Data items
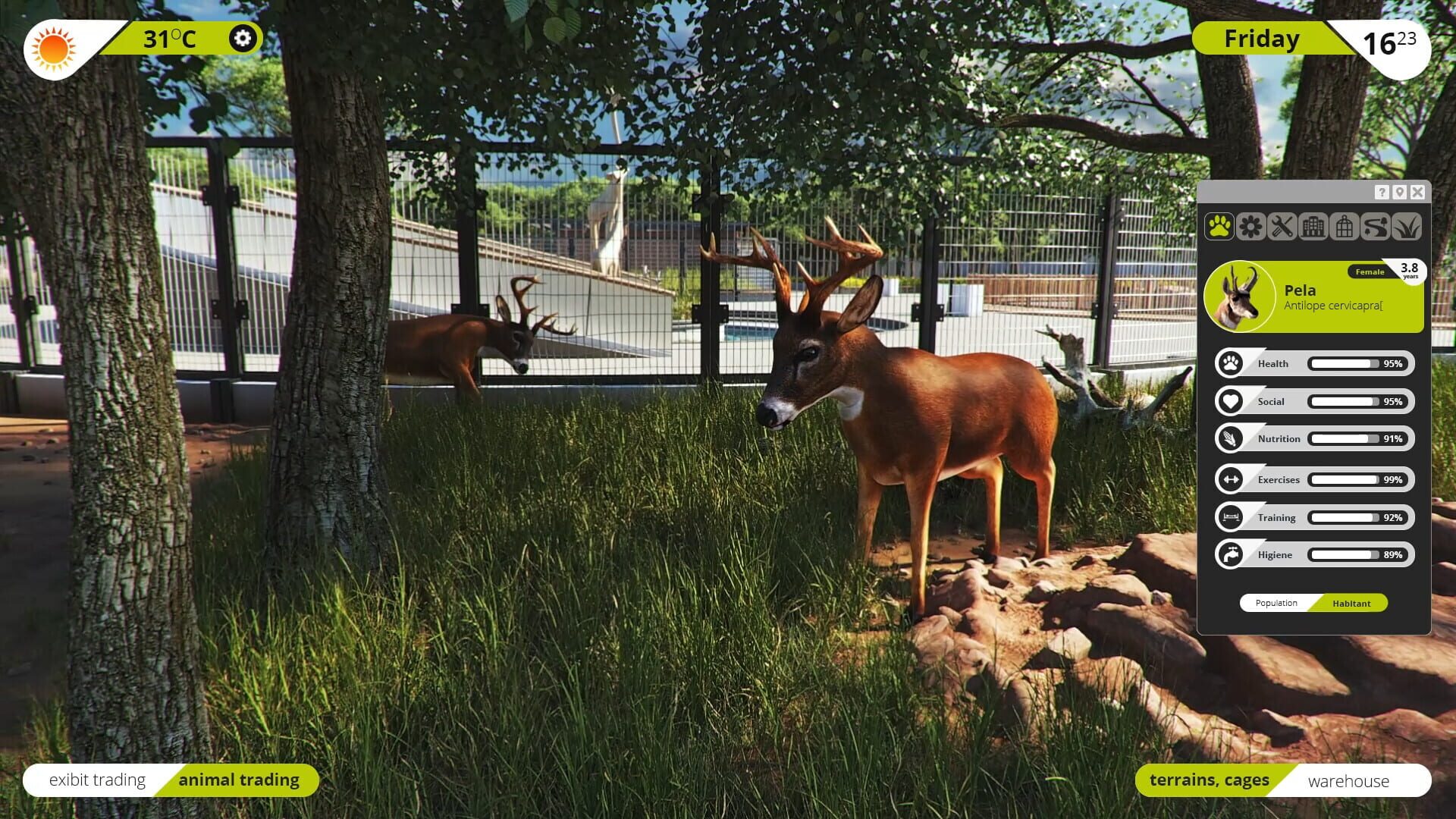 Screenshot for Zoo Simulator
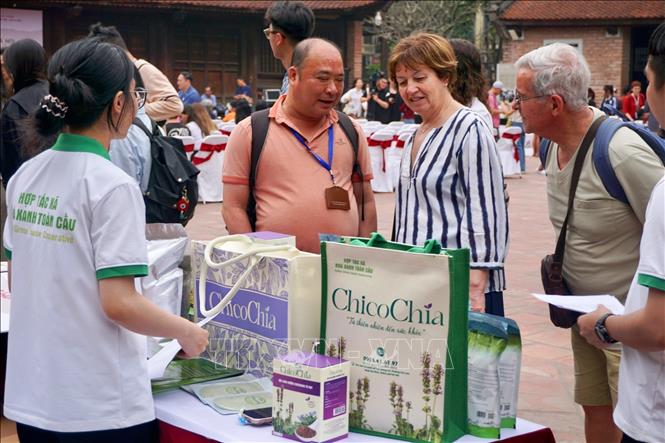 The exhibition attracts international visitors. VNA Photo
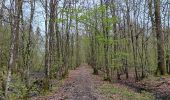 Randonnée Marche Chimay - tour du lac de virelle - Photo 18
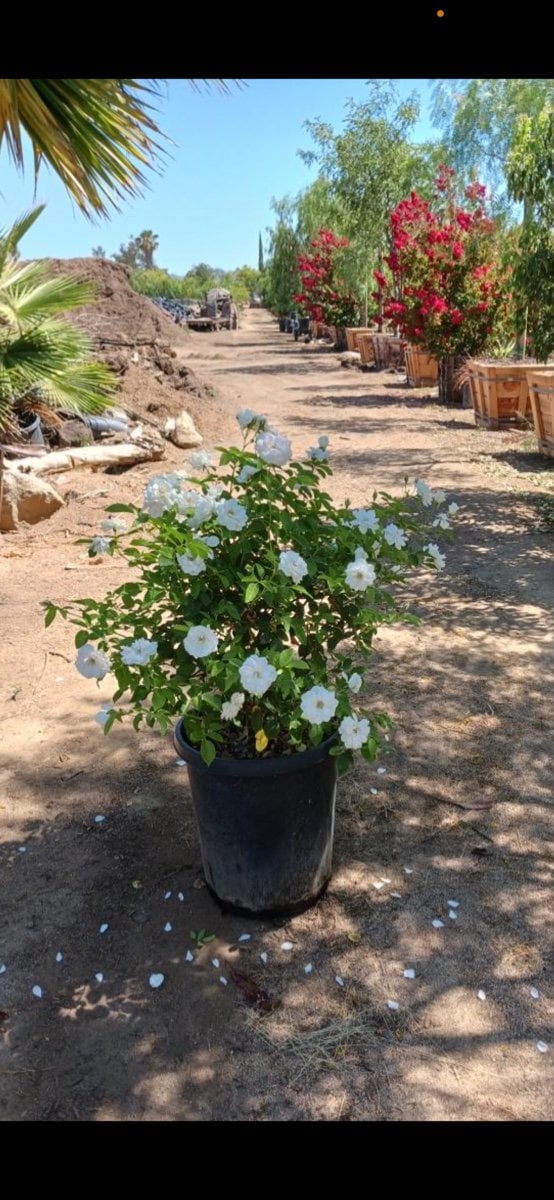 Photo for Rosa 'Iceberg' (White) (Iceberg Shrub Rose)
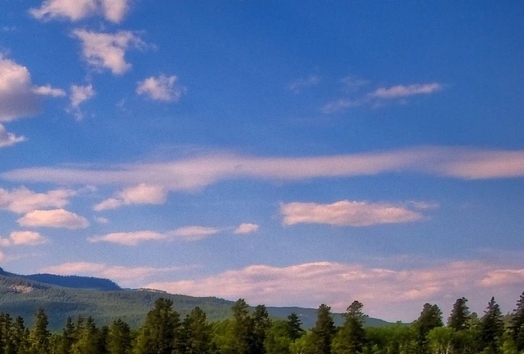 粉象生活自动打开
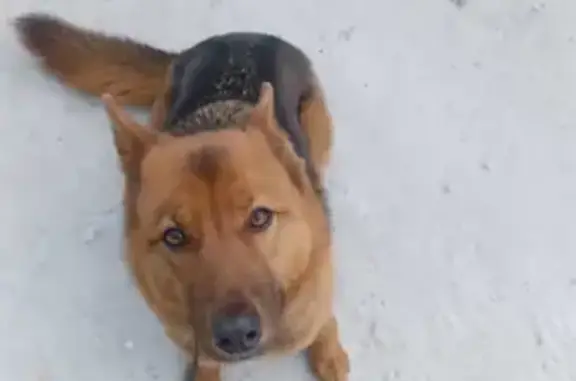Пропала собака Кира на улице Крылова, 40 в Абакане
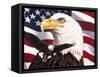 Eagle and Flag-William Vanderdasson-Framed Stretched Canvas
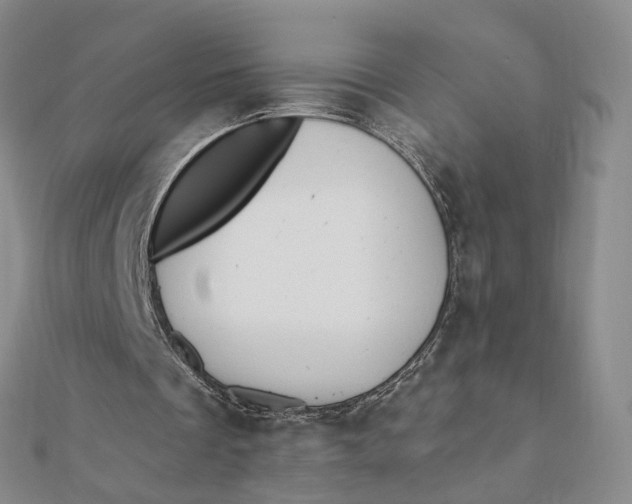 X0000112080289200908251111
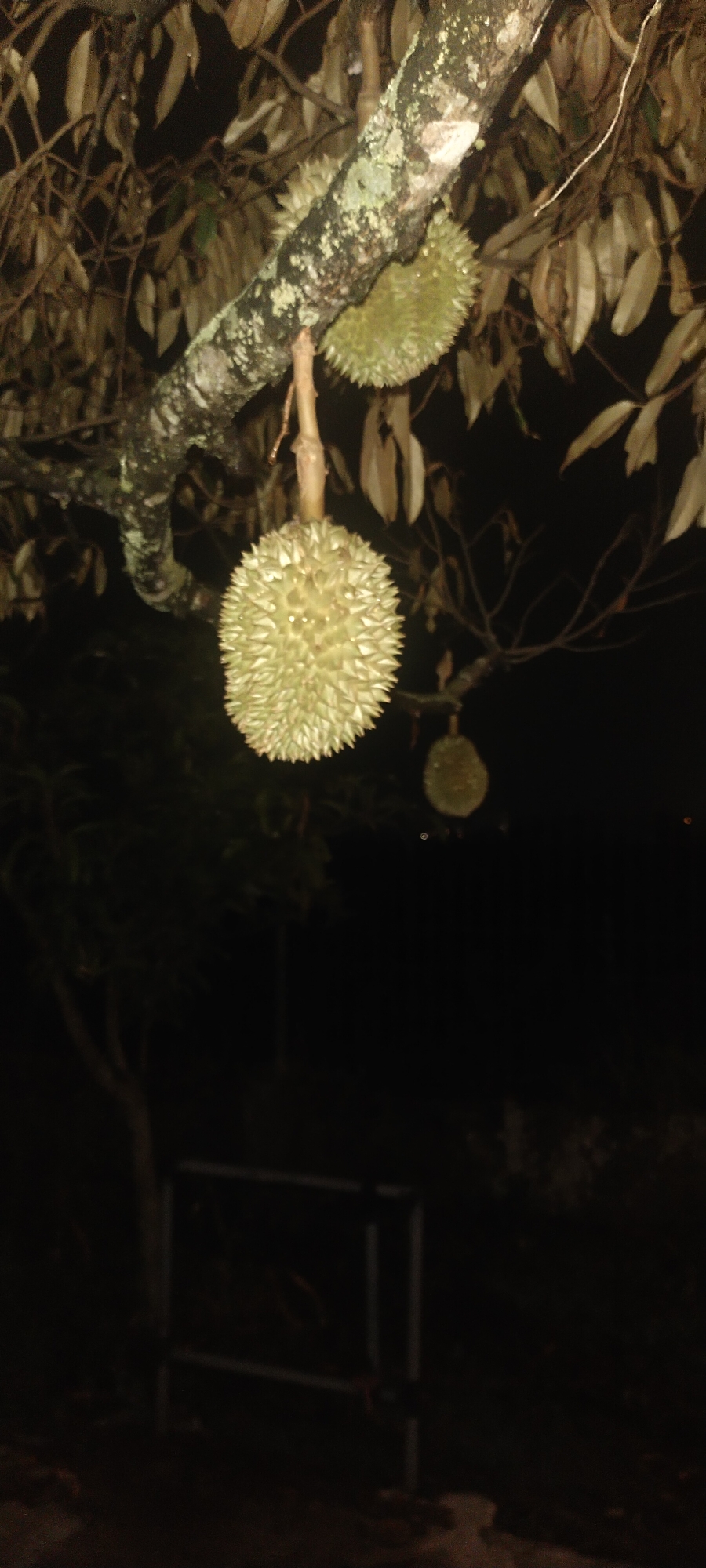 A durian fruit hangs from a tree branch at night in Pasirhuni, Indonesia. The fruit is green and spiky. Another durian fruit is visible in the background, also hanging from a branch. The background is dark and out of focus, with some foliage and a metal structure visible. The image is dimly lit, suggesting it was taken with a flash or at night.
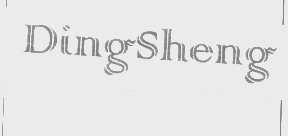 DINGSHENG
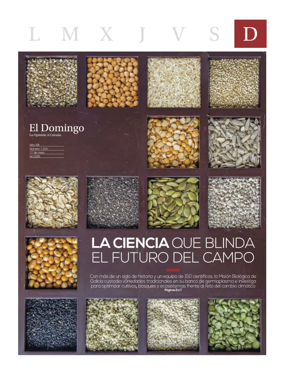 Cover of El Domingo
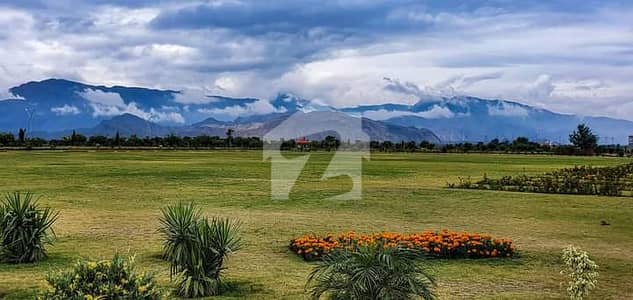 Low Price Plot | Well developed area | Near to BRT Stop
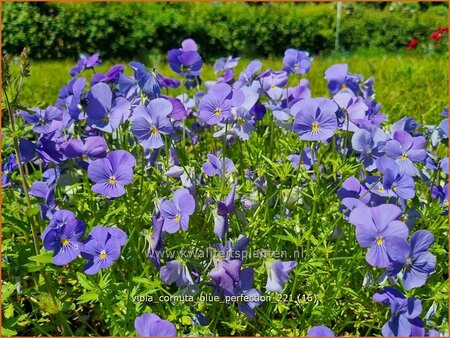 Viola cornuta &#39;Blue Perfection&#39;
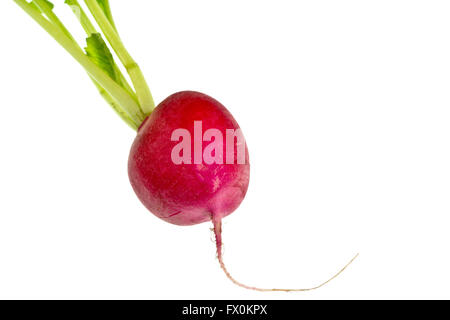 Fresco di ravanello rosso isolato su sfondo bianco Foto Stock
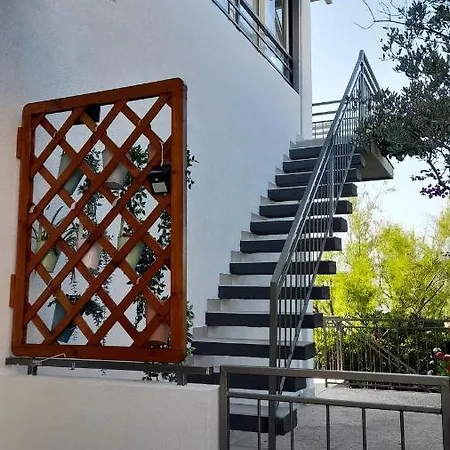 Dida Jakov Primosten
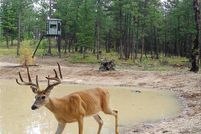 Undeveloped Land for sale in Sanders County, Montana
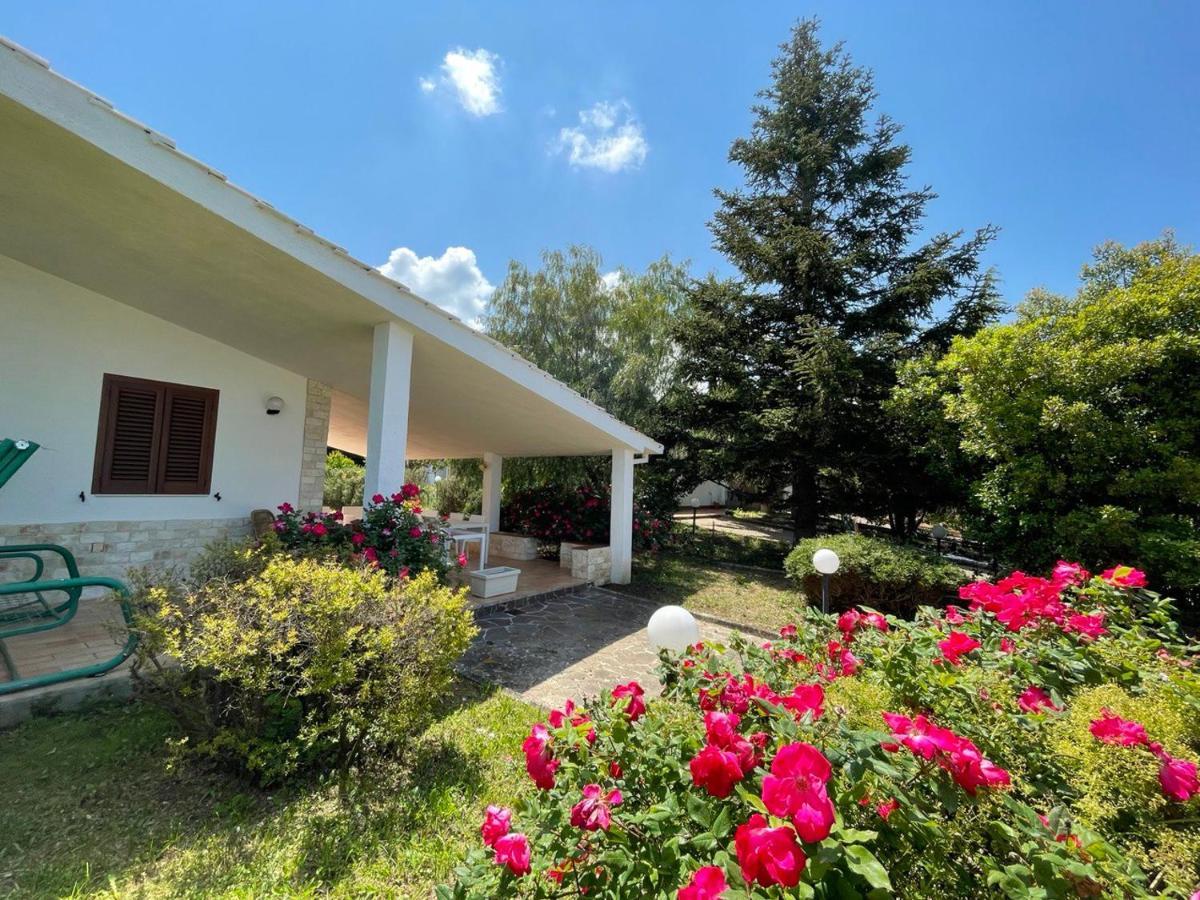 Vila Rose Country Cassano delle Murge Exteriér fotografie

**Problem description:**
The answer must be the lines above, word for word, from the first one through the line with "Пропала собака Кира", pictures excluded.

**Completed task:**
 Screenshot for Zoo Simulator
 The exhibition attracts international visitors. VNA Photo
 Randonnée Marche Chimay - tour du lac de virelle - Photo 18
 Photo for Rosa 'Iceberg' (White) (Iceberg Shrub Rose)
 粉象生活自动打开
Пропала собака Кира на улице Крылова, 40 в Абакане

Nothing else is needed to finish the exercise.